2. Effective lost capacity is the product of actual nameplate rating, the record period capacity factor, and proportionate ownership share. For hydro facilities, nameplate and capacity factor were derived from the bypassed MWh provided in SCE's testimony. Nameplate ratings and the capacity factors for other facilities were provided in SCE's testimony.

3. All outages are total; no partial output mitigated calculated total losses.

4. Replacement energy cost would be the marginal prices actually paid by utility for replacement energy; not having this data, DRA uses hourly average energy prices from CAISO.

5. Replacement cost would be mitigated by actual avoided costs during the outage; not having this data, DRA uses $0.

6. All outages are presumed to be equal energy lost per hour for duration of outage.

· Because SCE utilizes least cost dispatch, the absence of any economic or "in-the-money" resource (like a nuclear, coal, or hydro unit) does not necessarily mean that SCE must or even should buy power to replace it. That decision is determined by SCE's residual net position (RNP) (i.e., the difference between the economic dispatch of all resources and SCE's forecast of customer load) after the outage is taken into account. The absence of an economic energy source would either make SCE's RNP less long, move the RNP from long to short, or make the RNP more short. Although it is not possible to calculate the exact cost of the economic loss due to a specific outage in any of these, one can estimate the value of the "lost energy," or opportunity cost, by considering appropriate published energy indices (with adjustments made, as necessary, for product type, delivery period, delivery point, and the bid-ask spread) and the unit's variable cost of production (fuel and variable O&M). DRA's simplified methodology ignores many of these considerations.

· The appropriate market value of lost energy is reflected at the delivery point of the unit in question. DRA ignores this consideration in its methodology, and instead uses only California (CAISO) prices for all of the outages, even though Four Corners is in New Mexico and Palo Verde is in Arizona; both of which are adjacent to trading hubs with published day-ahead index prices.

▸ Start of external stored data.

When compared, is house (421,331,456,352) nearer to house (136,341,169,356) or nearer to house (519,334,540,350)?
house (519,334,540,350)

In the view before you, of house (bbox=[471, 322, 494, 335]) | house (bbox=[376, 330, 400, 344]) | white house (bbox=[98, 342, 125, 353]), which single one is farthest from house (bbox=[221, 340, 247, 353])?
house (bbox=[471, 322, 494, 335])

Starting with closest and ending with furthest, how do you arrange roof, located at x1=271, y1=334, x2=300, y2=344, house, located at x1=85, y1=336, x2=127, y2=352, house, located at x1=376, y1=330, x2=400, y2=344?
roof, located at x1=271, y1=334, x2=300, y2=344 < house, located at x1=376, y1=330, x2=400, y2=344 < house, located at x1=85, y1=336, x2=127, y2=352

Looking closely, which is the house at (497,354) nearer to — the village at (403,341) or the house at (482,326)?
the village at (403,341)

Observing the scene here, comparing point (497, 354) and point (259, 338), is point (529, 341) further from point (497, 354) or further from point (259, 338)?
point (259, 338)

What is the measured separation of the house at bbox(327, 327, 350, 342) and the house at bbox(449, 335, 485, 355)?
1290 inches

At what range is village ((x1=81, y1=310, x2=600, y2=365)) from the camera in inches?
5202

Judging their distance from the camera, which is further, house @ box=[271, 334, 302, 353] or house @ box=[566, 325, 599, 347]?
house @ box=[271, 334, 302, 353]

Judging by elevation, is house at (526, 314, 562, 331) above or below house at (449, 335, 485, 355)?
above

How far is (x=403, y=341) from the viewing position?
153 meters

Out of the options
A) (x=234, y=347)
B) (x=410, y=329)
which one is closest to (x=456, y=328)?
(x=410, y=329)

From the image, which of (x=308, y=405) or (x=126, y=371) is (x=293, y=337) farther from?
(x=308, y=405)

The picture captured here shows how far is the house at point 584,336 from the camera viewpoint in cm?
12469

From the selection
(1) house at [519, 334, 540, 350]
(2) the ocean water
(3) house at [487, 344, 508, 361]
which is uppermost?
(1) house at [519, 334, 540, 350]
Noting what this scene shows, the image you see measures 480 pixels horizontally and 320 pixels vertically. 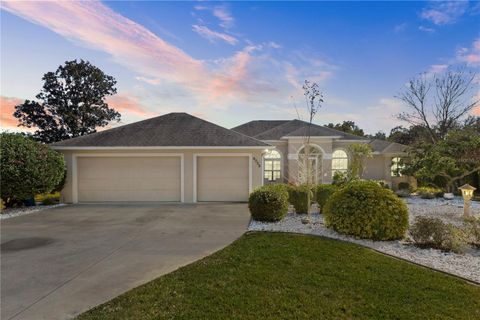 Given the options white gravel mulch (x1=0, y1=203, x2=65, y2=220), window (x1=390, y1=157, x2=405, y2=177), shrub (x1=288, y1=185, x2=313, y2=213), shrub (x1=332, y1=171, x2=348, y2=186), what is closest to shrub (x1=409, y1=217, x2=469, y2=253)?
shrub (x1=288, y1=185, x2=313, y2=213)

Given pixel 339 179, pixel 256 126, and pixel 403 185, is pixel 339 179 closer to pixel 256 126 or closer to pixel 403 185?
pixel 403 185

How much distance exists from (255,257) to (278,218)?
3.53 metres

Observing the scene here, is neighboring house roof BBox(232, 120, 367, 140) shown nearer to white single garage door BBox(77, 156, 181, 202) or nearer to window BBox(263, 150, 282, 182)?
window BBox(263, 150, 282, 182)

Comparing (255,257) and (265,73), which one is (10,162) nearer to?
(255,257)

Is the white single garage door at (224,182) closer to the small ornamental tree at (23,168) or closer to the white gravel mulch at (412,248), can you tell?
the white gravel mulch at (412,248)

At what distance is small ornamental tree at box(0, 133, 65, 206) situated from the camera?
10789 millimetres

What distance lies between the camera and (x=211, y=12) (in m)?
11.0

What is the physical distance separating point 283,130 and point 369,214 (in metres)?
15.8

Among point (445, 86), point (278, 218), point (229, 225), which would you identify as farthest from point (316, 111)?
point (445, 86)

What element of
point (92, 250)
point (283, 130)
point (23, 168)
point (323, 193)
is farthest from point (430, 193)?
point (23, 168)

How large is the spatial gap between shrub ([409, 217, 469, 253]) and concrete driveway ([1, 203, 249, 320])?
14.8ft

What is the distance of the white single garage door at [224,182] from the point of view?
14.0m

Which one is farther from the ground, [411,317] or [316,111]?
[316,111]

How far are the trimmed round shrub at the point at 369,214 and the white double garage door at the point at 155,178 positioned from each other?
23.1 ft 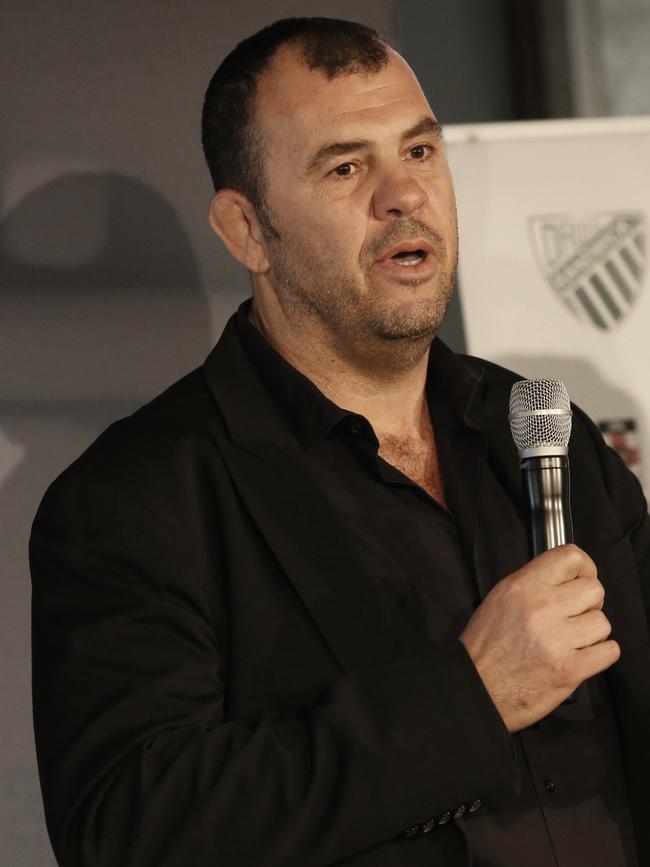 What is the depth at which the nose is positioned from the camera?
6.57 feet

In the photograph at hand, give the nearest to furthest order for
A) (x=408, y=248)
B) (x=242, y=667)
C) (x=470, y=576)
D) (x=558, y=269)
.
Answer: (x=242, y=667) → (x=470, y=576) → (x=408, y=248) → (x=558, y=269)

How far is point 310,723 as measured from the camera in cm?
162

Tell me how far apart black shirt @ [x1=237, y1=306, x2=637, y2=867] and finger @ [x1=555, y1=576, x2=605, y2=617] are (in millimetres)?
294

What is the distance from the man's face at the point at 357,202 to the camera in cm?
201

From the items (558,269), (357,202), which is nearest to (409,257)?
(357,202)

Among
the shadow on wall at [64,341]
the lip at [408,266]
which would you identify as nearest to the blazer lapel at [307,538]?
the lip at [408,266]

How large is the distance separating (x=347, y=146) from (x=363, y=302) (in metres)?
0.25

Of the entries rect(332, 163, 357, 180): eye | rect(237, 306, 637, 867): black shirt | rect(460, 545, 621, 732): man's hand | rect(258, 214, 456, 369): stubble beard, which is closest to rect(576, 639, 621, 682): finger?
rect(460, 545, 621, 732): man's hand

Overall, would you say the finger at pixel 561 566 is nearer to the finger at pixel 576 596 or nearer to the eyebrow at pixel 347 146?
the finger at pixel 576 596

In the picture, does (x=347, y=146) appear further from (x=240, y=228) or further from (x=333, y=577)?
(x=333, y=577)

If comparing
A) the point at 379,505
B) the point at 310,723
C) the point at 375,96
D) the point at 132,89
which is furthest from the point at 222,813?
the point at 132,89

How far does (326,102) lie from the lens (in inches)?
82.0

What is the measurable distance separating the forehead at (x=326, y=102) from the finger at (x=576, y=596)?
33.8 inches

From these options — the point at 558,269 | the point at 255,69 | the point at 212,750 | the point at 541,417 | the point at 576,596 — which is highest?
the point at 255,69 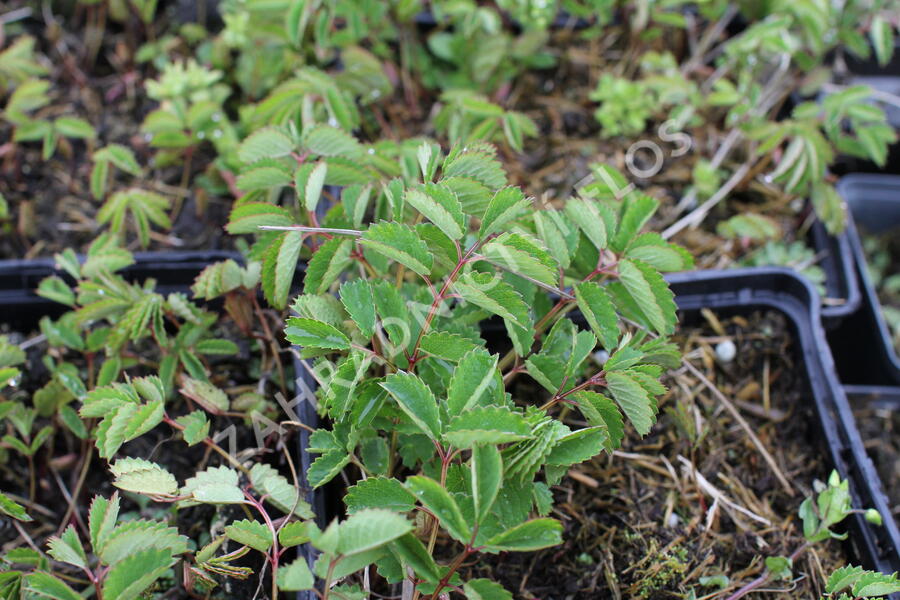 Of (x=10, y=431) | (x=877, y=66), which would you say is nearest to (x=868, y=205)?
(x=877, y=66)

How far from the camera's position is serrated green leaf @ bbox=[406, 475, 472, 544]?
2.55ft

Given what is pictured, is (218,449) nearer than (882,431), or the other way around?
(218,449)

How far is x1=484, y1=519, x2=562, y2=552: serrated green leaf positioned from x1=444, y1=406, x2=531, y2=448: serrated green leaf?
0.30 ft

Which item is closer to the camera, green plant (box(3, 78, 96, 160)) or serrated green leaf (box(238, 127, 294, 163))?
serrated green leaf (box(238, 127, 294, 163))

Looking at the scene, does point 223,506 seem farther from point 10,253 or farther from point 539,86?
point 539,86

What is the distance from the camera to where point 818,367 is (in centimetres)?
133

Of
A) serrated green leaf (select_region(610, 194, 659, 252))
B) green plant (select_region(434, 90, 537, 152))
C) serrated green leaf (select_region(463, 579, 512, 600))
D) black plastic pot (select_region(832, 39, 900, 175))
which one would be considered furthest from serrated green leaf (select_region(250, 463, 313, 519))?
black plastic pot (select_region(832, 39, 900, 175))

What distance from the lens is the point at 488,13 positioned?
159 centimetres

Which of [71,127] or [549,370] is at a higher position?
[71,127]

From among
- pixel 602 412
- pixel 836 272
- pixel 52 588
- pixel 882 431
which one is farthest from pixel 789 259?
pixel 52 588

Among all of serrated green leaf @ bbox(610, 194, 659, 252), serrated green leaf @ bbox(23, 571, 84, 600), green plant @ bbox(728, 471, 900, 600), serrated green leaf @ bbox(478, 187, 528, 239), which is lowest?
green plant @ bbox(728, 471, 900, 600)

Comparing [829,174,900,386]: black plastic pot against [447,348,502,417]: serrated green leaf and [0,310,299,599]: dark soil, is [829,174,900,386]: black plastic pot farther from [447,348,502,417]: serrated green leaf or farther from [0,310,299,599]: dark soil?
[0,310,299,599]: dark soil

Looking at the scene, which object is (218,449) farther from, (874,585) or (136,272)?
(874,585)

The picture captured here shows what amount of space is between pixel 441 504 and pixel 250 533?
0.25 meters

· DRA's methodology is further flawed by its use of only CAISO Real-Time Imbalance Market price data. By using this price data, DRA implicitly assumes that all of the energy transacted - whether sales if the RNP was long, or purchases if the RNP was short - was transacted as CAISO Imbalance Energy. This assumption is incorrect. Because the CAISO Real-Time Imbalance Market is subject to low liquidity and high volatility, SCE specifically strives to close out its energy positions in advance of real time by using a combination of hour-ahead, day-ahead, and beyond day-ahead transactions. Indices reflecting these transactions would be the more appropriate benchmarks to use; however, reliable prices are not published regularly for the hour-ahead markets and published forward prices tend to be for calendar months, quarters, and years, which do not correspond to the outages in question here.

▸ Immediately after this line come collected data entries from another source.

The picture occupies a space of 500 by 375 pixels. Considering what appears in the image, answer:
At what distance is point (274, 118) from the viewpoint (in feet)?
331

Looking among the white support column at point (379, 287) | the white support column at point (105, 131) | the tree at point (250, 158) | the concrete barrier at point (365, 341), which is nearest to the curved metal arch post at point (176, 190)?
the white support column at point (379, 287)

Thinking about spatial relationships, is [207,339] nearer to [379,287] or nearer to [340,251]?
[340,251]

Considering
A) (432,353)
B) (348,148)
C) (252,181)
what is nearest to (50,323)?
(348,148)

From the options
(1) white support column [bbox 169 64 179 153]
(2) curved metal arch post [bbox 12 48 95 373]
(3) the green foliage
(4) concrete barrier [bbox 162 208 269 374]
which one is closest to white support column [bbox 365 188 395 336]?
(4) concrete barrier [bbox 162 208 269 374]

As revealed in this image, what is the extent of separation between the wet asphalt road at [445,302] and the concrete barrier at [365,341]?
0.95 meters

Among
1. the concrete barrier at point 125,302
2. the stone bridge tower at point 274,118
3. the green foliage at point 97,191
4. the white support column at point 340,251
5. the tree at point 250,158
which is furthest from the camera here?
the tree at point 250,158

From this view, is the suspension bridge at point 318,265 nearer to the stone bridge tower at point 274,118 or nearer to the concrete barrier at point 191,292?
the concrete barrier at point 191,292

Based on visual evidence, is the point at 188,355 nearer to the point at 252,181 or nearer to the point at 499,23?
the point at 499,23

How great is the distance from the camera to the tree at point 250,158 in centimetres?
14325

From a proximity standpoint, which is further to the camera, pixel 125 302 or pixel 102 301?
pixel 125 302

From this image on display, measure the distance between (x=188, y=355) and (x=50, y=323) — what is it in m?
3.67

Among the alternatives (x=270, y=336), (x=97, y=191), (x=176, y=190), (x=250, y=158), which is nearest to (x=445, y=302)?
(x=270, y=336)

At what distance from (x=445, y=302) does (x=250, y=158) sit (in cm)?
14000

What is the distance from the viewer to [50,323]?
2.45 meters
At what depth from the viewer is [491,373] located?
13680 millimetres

· For the outages in question, the most appropriate prices to benchmark against would be the published day-ahead indices for power, albeit with a few adjustments. This is for a number of reasons. First, the published day-ahead prices are for "Firm LD Energy," and, in the case of non-CAISO energy, Firm LD with ancillary services or WSPP Schedule C. In the case of Four Corners and Palo Verde, the power they provide is unit contingent (WSPP Schedule B) energy, which doesn't include ancillary services. This energy trades at a significant discount (a few to several dollars/MWh, depending on the unit producing it) to the liquidly traded product published by the indices due to its unit contingent nature. In addition, as the published index prices represent an average, or "mid," of the transactions executed on that day, they should be adjusted for the "bid-ask" spread. The magnitude of the bid-ask spread depends on the liquidity of the product at the delivery point in question, and can vary between a few cents and a few dollars/MWh. Therefore, for this analysis, when SCE is purchasing, the published index price should be adjusted up by one-half the bid-ask spread, and conversely, should be adjusted down by one-half the bid-ask spread when SCE is selling.

· Although DRA acknowledges that a replacement cost methodology should include a credit for the fuel cost SCE avoids during the outage, DRA has assumed a credit of zero in its disallowance calculation. In addition, all generating units incur variable O&M costs when operating (covering consumables such as water, chemicals, lube oil, filters, run-hour based maintenance contracts, etc.) that DRA did not consider.